* **Instructions for the task**
Which lines run from the line with "Voluntàries de Càritas" through the line with "Timballo di anelletti" in the entries below? Print them exactly, both ends included, and nothing more.
• • •
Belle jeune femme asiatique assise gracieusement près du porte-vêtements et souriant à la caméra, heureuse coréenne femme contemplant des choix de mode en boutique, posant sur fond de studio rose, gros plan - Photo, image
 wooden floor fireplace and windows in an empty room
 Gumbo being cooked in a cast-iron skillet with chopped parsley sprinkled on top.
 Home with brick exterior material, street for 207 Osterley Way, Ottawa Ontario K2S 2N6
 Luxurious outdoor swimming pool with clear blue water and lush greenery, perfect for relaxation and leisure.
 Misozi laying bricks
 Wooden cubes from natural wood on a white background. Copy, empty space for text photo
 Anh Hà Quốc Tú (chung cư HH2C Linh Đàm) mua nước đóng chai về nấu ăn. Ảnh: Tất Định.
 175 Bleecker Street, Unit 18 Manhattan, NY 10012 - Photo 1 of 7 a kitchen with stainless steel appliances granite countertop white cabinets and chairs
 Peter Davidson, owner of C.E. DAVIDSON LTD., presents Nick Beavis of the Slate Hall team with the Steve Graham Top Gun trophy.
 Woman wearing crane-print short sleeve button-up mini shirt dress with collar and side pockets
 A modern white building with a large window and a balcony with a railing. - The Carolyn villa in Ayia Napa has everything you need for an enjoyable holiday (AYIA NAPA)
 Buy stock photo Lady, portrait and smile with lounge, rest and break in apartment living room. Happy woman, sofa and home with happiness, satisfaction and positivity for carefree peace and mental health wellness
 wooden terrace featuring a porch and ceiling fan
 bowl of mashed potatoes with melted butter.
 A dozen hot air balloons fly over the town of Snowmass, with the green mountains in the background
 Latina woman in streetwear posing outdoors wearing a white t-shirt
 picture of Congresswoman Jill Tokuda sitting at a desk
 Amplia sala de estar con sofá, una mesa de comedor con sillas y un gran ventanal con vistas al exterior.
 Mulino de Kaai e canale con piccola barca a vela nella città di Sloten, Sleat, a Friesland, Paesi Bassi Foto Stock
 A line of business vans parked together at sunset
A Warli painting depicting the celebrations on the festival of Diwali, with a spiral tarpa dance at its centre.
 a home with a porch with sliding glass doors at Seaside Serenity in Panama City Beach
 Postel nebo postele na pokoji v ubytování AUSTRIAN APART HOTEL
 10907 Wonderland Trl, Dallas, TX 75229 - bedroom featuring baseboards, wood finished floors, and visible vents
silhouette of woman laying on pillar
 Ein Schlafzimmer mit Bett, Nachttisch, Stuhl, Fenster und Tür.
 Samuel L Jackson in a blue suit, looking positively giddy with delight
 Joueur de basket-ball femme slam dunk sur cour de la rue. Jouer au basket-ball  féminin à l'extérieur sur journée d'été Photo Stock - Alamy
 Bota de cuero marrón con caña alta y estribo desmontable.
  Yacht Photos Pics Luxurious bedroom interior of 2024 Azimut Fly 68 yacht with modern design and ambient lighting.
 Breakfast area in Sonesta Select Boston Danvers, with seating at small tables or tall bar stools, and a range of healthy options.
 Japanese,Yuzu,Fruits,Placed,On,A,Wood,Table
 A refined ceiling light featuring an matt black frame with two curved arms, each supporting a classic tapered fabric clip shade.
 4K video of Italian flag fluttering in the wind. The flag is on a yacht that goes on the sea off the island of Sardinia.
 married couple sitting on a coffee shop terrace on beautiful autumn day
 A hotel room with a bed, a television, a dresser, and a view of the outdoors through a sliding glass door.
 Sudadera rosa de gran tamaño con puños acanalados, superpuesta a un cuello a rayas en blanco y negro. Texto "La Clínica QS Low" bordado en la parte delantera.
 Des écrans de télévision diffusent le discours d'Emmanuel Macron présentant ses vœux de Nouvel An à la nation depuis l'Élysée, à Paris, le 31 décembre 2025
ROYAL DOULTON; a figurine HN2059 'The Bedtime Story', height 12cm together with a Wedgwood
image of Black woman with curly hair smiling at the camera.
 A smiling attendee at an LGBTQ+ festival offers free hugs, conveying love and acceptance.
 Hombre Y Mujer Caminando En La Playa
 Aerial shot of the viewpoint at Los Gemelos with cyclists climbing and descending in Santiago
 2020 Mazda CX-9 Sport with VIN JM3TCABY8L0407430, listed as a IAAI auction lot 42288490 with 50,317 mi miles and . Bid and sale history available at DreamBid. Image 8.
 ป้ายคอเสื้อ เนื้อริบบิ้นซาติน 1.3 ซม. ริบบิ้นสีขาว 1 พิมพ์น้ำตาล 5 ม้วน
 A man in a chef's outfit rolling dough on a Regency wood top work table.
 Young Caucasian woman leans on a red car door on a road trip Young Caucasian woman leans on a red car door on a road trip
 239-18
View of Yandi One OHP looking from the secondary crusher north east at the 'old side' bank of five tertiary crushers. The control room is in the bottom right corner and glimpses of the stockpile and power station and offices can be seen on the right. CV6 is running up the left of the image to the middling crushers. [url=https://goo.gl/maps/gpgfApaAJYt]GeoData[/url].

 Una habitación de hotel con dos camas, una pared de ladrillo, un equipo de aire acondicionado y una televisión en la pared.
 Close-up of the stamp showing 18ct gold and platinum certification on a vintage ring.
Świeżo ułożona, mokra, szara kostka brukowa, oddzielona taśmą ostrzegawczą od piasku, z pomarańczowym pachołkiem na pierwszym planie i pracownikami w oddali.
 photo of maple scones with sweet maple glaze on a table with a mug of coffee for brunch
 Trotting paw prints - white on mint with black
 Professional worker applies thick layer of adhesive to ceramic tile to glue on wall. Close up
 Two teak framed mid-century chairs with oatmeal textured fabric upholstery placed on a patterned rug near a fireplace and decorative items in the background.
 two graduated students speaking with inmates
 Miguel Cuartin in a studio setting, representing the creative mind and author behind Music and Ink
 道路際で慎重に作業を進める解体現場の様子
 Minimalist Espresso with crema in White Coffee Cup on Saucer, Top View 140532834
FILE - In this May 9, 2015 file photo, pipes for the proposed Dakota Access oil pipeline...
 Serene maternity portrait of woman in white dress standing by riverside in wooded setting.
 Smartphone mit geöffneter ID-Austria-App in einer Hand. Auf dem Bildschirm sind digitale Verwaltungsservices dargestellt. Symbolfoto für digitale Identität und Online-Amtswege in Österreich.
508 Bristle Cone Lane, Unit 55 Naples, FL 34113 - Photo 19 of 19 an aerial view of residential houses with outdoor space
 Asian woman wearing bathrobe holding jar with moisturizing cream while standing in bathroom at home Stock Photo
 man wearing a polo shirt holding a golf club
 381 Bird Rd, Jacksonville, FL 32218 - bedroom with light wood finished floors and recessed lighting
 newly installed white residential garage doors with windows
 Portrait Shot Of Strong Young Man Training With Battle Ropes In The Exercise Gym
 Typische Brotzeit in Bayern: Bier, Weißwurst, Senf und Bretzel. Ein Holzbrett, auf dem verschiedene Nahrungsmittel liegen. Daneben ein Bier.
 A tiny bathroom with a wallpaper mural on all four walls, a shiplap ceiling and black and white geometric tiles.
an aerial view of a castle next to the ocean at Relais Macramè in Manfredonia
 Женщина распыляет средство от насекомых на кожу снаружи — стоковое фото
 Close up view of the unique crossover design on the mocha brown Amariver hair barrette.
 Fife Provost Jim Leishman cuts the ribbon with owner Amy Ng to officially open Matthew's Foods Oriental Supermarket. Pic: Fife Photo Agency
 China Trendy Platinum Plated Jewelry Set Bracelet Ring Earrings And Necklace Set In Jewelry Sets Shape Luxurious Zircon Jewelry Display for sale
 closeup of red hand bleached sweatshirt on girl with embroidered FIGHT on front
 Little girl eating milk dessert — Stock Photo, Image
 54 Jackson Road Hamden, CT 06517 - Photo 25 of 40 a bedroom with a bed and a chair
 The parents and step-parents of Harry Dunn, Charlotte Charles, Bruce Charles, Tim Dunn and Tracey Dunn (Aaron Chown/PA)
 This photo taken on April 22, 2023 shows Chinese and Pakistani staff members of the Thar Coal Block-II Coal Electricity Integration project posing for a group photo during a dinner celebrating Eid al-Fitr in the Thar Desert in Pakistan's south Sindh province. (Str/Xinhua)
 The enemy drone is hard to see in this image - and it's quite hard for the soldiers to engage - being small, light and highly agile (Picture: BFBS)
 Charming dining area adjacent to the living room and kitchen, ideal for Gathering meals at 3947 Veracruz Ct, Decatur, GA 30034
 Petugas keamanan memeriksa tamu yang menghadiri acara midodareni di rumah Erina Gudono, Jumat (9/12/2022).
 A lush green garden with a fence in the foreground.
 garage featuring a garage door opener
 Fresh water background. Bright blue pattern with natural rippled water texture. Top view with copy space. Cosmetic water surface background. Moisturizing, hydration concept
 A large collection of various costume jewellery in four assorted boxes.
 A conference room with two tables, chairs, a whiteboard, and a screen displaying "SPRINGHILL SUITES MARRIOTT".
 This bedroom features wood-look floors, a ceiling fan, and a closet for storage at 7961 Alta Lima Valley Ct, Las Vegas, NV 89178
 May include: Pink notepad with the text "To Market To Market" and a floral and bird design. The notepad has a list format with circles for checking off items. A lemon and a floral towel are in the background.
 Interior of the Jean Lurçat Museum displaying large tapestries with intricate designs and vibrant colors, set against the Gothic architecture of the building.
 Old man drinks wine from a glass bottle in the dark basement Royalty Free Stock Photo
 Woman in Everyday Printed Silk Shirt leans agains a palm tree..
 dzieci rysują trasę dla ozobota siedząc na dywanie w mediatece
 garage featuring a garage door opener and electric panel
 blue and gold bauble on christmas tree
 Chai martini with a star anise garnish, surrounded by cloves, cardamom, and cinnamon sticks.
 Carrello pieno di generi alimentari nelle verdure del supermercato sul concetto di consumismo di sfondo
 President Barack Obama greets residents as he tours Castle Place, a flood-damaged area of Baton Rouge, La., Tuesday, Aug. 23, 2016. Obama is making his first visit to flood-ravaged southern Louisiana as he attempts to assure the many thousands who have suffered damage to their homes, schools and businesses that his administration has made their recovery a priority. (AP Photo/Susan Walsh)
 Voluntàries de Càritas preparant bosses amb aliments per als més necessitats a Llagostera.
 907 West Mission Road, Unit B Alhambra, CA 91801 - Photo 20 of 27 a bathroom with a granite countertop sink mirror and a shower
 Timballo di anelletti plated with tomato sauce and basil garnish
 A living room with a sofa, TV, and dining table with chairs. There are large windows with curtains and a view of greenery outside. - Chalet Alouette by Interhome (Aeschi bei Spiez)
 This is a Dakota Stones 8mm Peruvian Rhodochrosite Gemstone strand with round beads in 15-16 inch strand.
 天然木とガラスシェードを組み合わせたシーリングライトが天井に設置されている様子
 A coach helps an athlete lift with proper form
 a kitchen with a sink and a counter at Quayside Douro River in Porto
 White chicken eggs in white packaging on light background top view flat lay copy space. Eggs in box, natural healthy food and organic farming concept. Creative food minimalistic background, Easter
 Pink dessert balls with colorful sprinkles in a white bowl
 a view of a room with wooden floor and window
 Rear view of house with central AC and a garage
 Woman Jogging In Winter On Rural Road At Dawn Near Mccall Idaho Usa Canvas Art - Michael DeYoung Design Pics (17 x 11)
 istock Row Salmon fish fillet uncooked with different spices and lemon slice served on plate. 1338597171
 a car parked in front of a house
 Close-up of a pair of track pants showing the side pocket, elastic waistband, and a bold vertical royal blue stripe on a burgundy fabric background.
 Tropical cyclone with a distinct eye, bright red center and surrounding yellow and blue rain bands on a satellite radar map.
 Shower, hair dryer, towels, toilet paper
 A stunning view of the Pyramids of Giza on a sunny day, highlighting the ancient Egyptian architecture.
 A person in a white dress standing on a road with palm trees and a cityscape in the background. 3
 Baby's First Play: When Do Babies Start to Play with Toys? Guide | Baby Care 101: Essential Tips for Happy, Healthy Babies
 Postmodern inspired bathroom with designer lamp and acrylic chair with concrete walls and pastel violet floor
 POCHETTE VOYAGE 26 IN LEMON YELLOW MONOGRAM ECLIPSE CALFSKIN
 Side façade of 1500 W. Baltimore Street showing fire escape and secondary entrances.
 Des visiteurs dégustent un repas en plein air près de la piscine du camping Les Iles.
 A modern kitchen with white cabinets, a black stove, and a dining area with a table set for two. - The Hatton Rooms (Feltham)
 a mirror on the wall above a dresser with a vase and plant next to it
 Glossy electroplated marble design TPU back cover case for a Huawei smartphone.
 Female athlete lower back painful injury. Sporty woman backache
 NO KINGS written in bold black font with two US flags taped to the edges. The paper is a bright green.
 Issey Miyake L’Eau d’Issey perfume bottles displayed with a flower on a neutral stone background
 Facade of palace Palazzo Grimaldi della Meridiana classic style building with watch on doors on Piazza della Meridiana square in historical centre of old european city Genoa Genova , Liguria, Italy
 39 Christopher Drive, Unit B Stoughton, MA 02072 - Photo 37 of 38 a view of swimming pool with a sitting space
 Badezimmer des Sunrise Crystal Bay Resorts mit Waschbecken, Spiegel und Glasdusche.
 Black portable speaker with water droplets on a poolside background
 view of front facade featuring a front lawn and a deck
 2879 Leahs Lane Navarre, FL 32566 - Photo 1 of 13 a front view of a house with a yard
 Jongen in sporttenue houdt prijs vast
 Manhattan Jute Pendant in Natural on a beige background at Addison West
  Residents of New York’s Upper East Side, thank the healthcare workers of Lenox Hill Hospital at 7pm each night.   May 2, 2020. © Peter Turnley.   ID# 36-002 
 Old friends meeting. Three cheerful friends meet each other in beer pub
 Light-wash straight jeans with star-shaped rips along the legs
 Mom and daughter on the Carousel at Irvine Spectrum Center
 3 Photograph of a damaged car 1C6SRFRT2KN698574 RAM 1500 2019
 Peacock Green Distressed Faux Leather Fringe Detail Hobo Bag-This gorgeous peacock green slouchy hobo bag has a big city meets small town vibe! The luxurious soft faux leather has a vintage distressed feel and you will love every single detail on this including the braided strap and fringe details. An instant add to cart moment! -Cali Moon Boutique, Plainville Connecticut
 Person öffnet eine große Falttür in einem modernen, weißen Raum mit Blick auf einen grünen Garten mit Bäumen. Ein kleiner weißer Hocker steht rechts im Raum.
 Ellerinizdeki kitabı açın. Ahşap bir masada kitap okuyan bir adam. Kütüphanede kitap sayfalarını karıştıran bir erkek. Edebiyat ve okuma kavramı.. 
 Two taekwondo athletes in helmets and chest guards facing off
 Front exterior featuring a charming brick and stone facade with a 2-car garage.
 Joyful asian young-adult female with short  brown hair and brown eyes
• • •
* **Output below**
 Voluntàries de Càritas preparant bosses amb aliments per als més necessitats a Llagostera.
 907 West Mission Road, Unit B Alhambra, CA 91801 - Photo 20 of 27 a bathroom with a granite countertop sink mirror and a shower
 Timballo di anelletti plated with tomato sauce and basil garnish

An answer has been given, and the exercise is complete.